In Italy, churches hold special masses called “Novenas” during the eight days leading up to Christmas Day. These services include both prayer and teaching sessions, which are meant to ready the minds and hearts of attendees for the Christmas season. As Christmas approaches, lights, Christmas trees, and other decorations begin to appear at marketplaces, malls, shops, homes, and along major streets.
The most important decorations, however, are the presepios (nativity scenes), which can be seen in churches, piazzas (plazas), and other public areas. Straw, cribs, and statues of Mary, Joseph, the shepherds, peasants, and much more will be in the manger. Baby Jesus, however, will not show up in his crib until late on Christmas Eve. Some presepios are built in the shape of a pyramid with stair-step shelves on which figurines are placed. Coloured paper, gold-covered pine cones, miniature candles, and a star on top of the pyramid are often part of the decor. You may also see presents, candies, and fruits included.
A meatless dinner is traditionally eaten on Christmas Eve, frequently including fish or other seafood, after which the faithful make their way to midnight mass. There, they may see a living nativity scene with actors and live animals, and they will welcome Christmas Morning with great jubilation. After mass, many will return home to treat themselves to a slice of “Panettone” (Italian Christmas bread), which is a very dry and very “fruity” sponge cake. To counteract the dryness, a cup of hot cocoa or other drink may accompany it. On Christmas Day, a larger dinner that includes meat dishes is usually eaten, finally breaking the fasting period of Lent.
Other Italian Christmas traditions include: children caroling and making music with pipes while dressed up in shepherds’ clothes, having bonfires on Christmas Eve in the town square, and burning a “Yule log” continuously throughout the whole Christmas season.
Things to do
Some things to do if travelling in Italy around this time of year include:
- Visit Naples to see its famous “Neapolitan cribs.” Naples is famous for its nativity crib industry, and the tradition extends back to the 11th Century A.D. You will see full presepios set up in Naples as well, with numerous characters included, including of famous people not otherwise associated with Christmas.
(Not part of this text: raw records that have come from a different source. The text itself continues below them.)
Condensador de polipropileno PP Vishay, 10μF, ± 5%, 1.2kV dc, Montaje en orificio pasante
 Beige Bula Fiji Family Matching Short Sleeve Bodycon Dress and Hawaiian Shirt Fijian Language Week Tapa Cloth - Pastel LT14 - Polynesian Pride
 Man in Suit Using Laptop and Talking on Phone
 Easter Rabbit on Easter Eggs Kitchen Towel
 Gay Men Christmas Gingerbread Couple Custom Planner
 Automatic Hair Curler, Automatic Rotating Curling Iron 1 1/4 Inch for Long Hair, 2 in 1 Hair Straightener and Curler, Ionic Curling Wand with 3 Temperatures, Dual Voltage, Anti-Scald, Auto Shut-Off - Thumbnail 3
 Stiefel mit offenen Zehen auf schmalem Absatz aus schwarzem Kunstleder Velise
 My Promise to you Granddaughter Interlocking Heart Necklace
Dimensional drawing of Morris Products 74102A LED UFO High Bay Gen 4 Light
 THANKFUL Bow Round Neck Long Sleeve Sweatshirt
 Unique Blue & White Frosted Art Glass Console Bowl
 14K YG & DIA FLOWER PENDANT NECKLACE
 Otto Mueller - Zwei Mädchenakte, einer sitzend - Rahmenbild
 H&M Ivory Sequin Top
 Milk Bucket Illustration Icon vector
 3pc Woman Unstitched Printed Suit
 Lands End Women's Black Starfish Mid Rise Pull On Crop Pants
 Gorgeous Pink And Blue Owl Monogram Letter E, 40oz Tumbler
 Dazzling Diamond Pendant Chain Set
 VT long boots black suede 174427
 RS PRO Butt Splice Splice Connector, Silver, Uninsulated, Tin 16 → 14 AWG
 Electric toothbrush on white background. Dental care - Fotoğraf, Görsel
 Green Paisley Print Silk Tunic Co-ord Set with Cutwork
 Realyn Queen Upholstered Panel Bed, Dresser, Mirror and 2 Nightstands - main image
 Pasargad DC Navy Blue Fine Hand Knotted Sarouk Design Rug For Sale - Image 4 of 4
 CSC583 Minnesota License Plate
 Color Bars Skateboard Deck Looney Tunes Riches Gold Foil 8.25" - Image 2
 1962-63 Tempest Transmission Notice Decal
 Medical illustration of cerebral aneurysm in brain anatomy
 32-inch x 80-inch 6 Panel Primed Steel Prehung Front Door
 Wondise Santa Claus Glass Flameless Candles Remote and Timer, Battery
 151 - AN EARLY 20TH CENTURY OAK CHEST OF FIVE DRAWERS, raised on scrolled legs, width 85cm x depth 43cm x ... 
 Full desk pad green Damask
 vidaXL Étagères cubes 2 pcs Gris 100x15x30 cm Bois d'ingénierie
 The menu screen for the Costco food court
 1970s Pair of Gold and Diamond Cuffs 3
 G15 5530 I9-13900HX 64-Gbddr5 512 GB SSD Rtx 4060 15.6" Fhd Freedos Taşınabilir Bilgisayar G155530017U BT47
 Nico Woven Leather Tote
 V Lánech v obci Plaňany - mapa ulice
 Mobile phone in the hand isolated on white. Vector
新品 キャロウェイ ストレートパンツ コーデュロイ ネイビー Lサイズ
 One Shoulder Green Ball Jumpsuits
You may also catch a glimpse of the largest presepio in the world, which has over 600 figurines. You can also shop the Via San Gregorio Armeno and its numerous nativity crib shops.
- See Rome decked out for the holidays. Rome will be decorated with gigantic Christmas trees, a host of presepios, and lights displays. You can also visit the busy Christmas markets for your Yuletide shopping. Since Vatican City is right in the middle of Rome, you may wish to stop by for midnight mass held by the Pope right inside St. Peter’s Basilica. Those who cannot get a front row seat can still watch on a large screen out in the nearby square.
If in Italy for the Yuletide, be sure to enjoy the many, long-cherished Christmas traditions, and be sure to wish everyone a “Buon Natale!” (Merry Christmas!)